Problem details:
Nothing but the pictures should be dropped when the records are transcribed word for word.

The data:
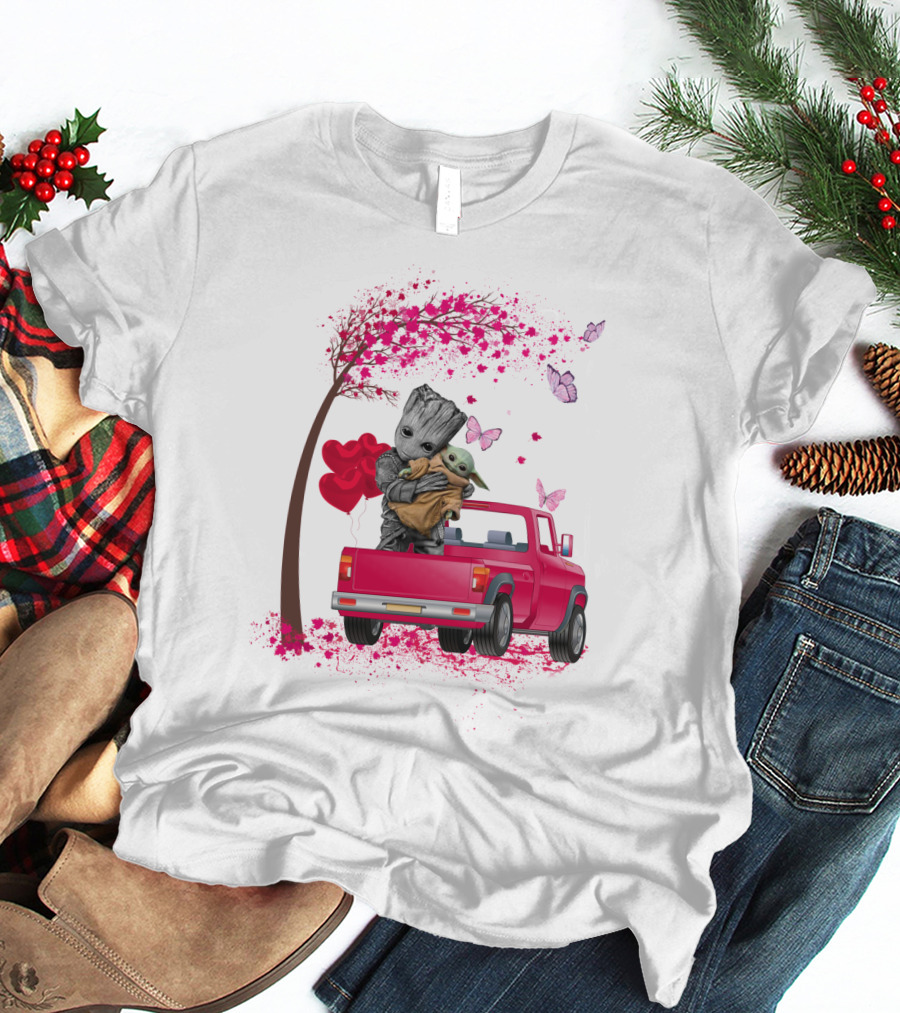 Groot And Yoda In Red Truck With Heart Balloons And Butterflies T-Shirt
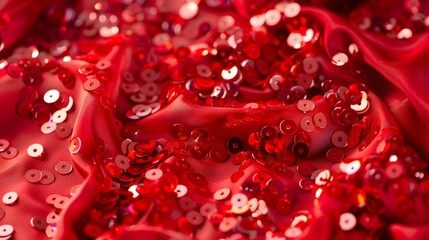 Decorative red glittering sequins on red cloth textile texture fashion background. 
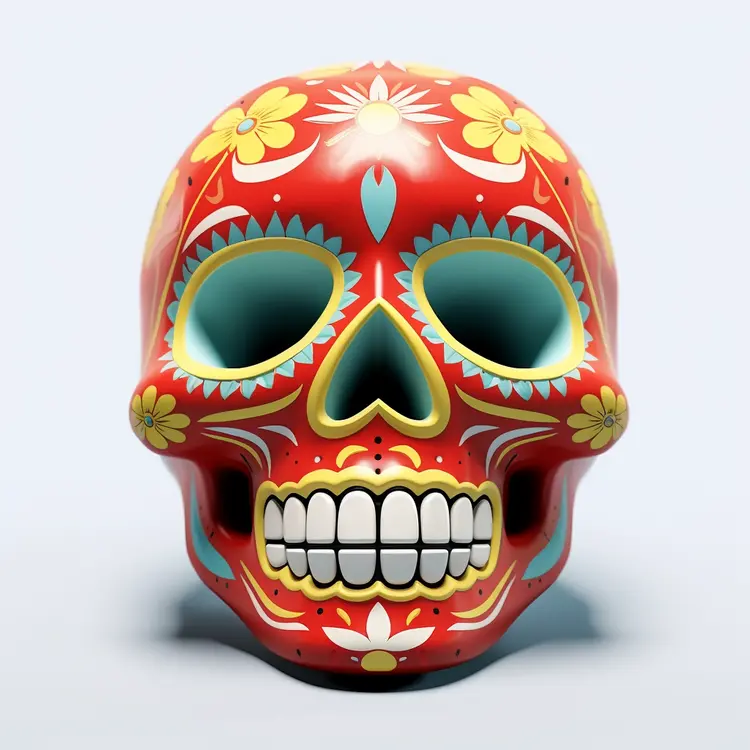 Red Sugar Skull for Day of the Dead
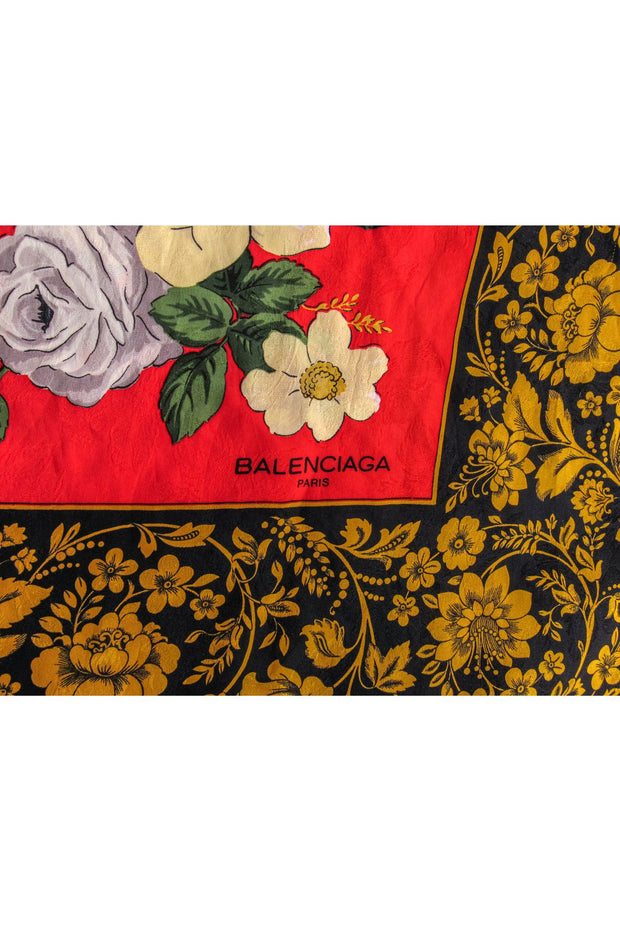 Current Boutique-Balenciaga - Red Floral Silk Square Scarf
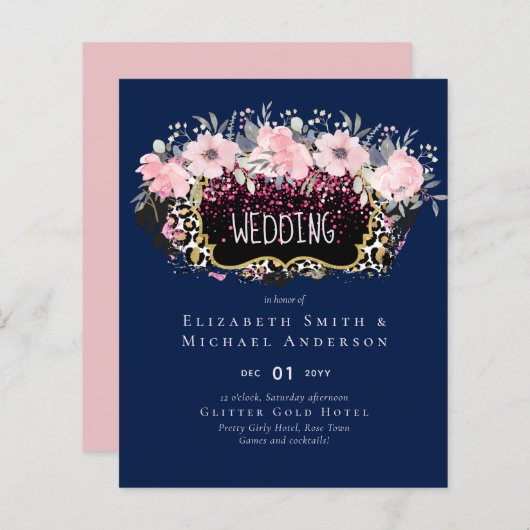 バジェットピンクフローラモダンガーリーブライダルシャワー (正面/裏面)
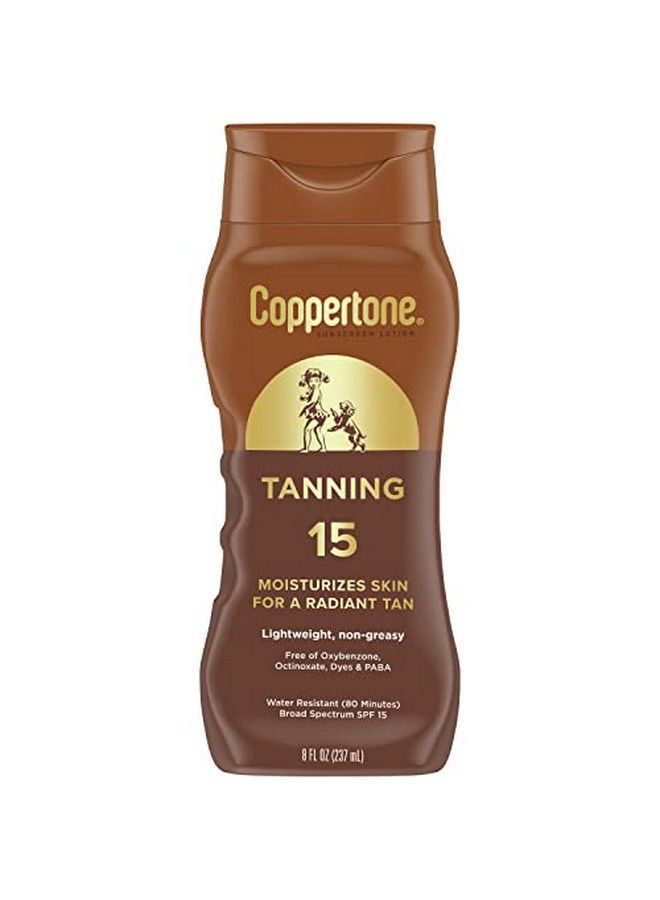 Coppertone Tanning Sunscreen Lotion Water Resistant Body Sunscreen Spf 15 Broad Spectrum Spf 15 Sunscreen 8 Fl Oz Bottle - Image 1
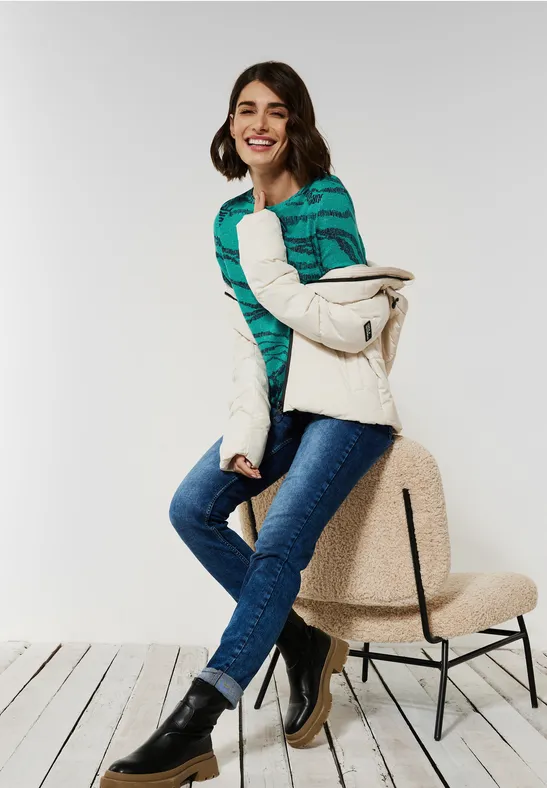 Shirt met allover print smaragd green melange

Result of this exercise:
 Groot And Yoda In Red Truck With Heart Balloons And Butterflies T-Shirt
 Decorative red glittering sequins on red cloth textile texture fashion background. 
 Red Sugar Skull for Day of the Dead
 Current Boutique-Balenciaga - Red Floral Silk Square Scarf
 バジェットピンクフローラモダンガーリーブライダルシャワー (正面/裏面)
 Coppertone Tanning Sunscreen Lotion Water Resistant Body Sunscreen Spf 15 Broad Spectrum Spf 15 Sunscreen 8 Fl Oz Bottle - Image 1
 Shirt met allover print smaragd green melange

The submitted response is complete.